On the bottom line, we also saw some additional pain. The company’s net income was cut in half, falling from $6 million to $3 million. Operating cash flow worsened from a negative $2.5 million to negative $5.5 million. Even if we adjust for changes in working capital, it would have plunged from $7.4 million to $4.9 million, while EBITDA tanked from $9 million to $5.8 million. Although the company did well to cut costs in some categories, such as selling, general, and administrative expenses, which collectively dropped from 12.6% in the third quarter of 2021 to 11.7% the same time this year, other areas proved problematic. The company’s gross profit margin, for instance, dropped from 22.5% to 18.2% during this same window of time. This was due to a number of factors, such as lower sales, unfavorable product mix, supply chain constraints and expenses, and some non-recurring recall expenses associated with certain products.

Trading Multiples

Author – SEC EDGAR Data

We don’t really know what to expect when it comes to the rest of the 2022 fiscal year. If we assume that the final quarter looks a lot more like the third quarter did, then we might anticipate net income of $20.7 million, adjusted operating cash flow of $26.4 million, and EBITDA of $31.3 million. Based on these figures, the company would be trading at a forward price to earnings multiple of 6.5, a forward price to adjusted operating cash flow multiple of 5.1, and a forward EV to EBITDA multiple of 7.5. Although these numbers look cheap on an absolute basis, they are more expensive than if we were to use data from the 2021 fiscal year. This can be seen in the chart above. As part of my analysis, I also compared the company to five similar firms. As you can see in the table below, when it comes to the price-to-earnings approach and the price to operating cash flow approach, Escalade was cheaper than all but two of the companies in the group. But when it comes to the EV to EBITDA approach, four of the five were cheaper than our prospect.

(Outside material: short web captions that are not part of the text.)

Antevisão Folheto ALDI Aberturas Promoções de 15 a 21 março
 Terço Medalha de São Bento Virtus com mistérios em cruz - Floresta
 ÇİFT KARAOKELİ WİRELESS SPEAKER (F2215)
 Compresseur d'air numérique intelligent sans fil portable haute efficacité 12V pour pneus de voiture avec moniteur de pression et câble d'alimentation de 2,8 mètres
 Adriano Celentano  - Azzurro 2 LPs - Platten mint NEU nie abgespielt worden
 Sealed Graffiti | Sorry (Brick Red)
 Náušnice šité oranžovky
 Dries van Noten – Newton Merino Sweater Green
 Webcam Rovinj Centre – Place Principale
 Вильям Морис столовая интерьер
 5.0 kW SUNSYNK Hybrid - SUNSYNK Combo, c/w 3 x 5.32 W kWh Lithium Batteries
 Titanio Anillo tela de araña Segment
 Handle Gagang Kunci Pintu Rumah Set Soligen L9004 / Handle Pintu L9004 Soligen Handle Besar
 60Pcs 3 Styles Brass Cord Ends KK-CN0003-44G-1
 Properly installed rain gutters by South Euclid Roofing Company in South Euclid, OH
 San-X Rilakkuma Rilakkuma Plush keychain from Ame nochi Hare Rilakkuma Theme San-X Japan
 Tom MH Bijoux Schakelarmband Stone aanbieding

Company Price / Earnings Price / Operating Cash Flow EV / EBITDA
Escalade, Incorporated 6.5 5.1 7.5
Vista Outdoor (VSTO) 3.6 4.0 4.0
Big 5 Sporting Goods (BGFV) 6.3 5.0 3.2
Sturm, Ruger & Company (RGR) 9.1 9.3 4.7
Topgolf Callaway Brands Corp. (MODG) 19.9 61.8 10.5
Johnson Outdoors (JOUT) 13.6 119.2 6.2

Takeaway

Clearly, the fundamental picture for Escalade is in the process of worsening. This is problematic for shareholders and could continue to create pain for the company and its investors moving forward. In truth, I wouldn’t be surprised to see the company take some sizable losses on its inventories over the next 6 to 12 months. Eventually, though, it’s likely that the picture will improve and, should this come to fruition, the stock will look rather appealing even if we end up with a new normal that is more similar to what this year is looking to be as opposed to what the past couple of years have been.